Bayshore

Why do we tend to marginalize and overlook the industrial world that sustains us? This documentary series, featuring San Francisco’s historic Bayview and other locations, celebrates the prickly beauty found in the industrial margins of every major city—spaces that remain invisible to most who benefit from them.

About this series:

Soon after dark, San Francisco’s Bayshore industrial park becomes a stern, moody place. The workers leave; the floodlights and security cameras switch on; the roll-up doors and concertina-wire gates close, leaving the trucks, forklifts, and buses parked in silent yards. What remains are the mostly anonymous and forgettable concrete and corrugated-steel structures casting back a fundamental indifference to the people who work there or pass by them.

This documentary series began there, in those twilight hours, within that indifference.

Yet, this project is also personal.
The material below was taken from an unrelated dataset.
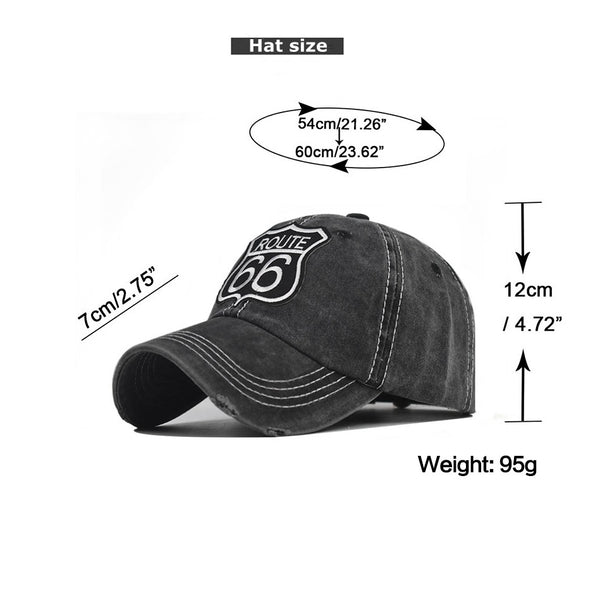 "Route 66" DISTRESSED BASEBALL CAP wholesale BY DOZEN(12PCS)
As a child, my family moved from Los Angeles to California’s Central Valley, where my dad opened a large industrial laundry in a new industrial park. I ran around in spaces much like these — amid the loading docks, giant washing machines, chlorinated solvents and industrial perfumes, and workers clad in the company overalls. Now the Bayshore is nearby but it’s a much different world.

In a typical American commercial space, such as a vast shopping mall, people matter. Bold illuminated signage, perfect parking lots, and shiny store windows invite customers to come inside. The industrial parks are their anonymous counterpoint, the coarse backroom of the modern service economy. Bayshore, part of San Francisco’s Bayview district, is a microcosm of a modern industrial park, yet it lacks enormous automated warehouses that range from half a million to one million square feet. Old or new, Industrial parks share a similar “non-place” vibe, as seen in the images captured in other parts of Northern California and Arizona.

This series is the culmination of more than eight months of photographic explorations and a personal reckoning with our shared tendency to ghettoize, overlook, and misunderstand the world that quietly sustains us. It celebrates the prickly beauty found in the industrial margins of every major city—spaces that power our commerce while remaining invisible to most who benefit from them.